Find the line containing "ADAMS DARK ROAST CREAMY [500 g]" in the entries below. Reproduce that line and each one after it to the end, exactly, with no other lines.

> **PROVIDED DATA**:
- - -

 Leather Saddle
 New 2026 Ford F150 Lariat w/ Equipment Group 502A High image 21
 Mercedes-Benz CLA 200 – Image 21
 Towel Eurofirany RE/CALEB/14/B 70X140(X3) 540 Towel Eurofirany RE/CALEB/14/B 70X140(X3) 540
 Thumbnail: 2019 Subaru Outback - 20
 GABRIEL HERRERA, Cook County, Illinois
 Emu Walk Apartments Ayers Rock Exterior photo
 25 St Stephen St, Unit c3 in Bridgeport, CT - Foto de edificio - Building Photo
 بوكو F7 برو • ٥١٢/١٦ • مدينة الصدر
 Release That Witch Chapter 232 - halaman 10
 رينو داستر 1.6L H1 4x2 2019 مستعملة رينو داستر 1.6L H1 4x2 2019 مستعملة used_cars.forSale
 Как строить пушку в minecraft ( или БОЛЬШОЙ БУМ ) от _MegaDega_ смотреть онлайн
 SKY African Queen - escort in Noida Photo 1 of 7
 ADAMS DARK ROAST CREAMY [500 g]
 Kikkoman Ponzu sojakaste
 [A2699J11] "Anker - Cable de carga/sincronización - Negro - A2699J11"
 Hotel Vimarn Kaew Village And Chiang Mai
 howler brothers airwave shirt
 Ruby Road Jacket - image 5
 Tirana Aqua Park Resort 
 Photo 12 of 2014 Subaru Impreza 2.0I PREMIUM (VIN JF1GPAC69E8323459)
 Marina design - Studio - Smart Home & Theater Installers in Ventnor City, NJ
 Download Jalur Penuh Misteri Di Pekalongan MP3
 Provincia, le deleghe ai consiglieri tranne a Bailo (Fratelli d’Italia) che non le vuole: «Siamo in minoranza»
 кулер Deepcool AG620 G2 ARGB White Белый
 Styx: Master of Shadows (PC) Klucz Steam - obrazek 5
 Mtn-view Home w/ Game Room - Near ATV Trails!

- - -

> **OUTPUT FOR THIS TASK**:
 ADAMS DARK ROAST CREAMY [500 g]
 Kikkoman Ponzu sojakaste
 [A2699J11] "Anker - Cable de carga/sincronización - Negro - A2699J11"
 Hotel Vimarn Kaew Village And Chiang Mai
 howler brothers airwave shirt
 Ruby Road Jacket - image 5
 Tirana Aqua Park Resort 
 Photo 12 of 2014 Subaru Impreza 2.0I PREMIUM (VIN JF1GPAC69E8323459)
 Marina design - Studio - Smart Home & Theater Installers in Ventnor City, NJ
 Download Jalur Penuh Misteri Di Pekalongan MP3
 Provincia, le deleghe ai consiglieri tranne a Bailo (Fratelli d’Italia) che non le vuole: «Siamo in minoranza»
 кулер Deepcool AG620 G2 ARGB White Белый
 Styx: Master of Shadows (PC) Klucz Steam - obrazek 5
 Mtn-view Home w/ Game Room - Near ATV Trails!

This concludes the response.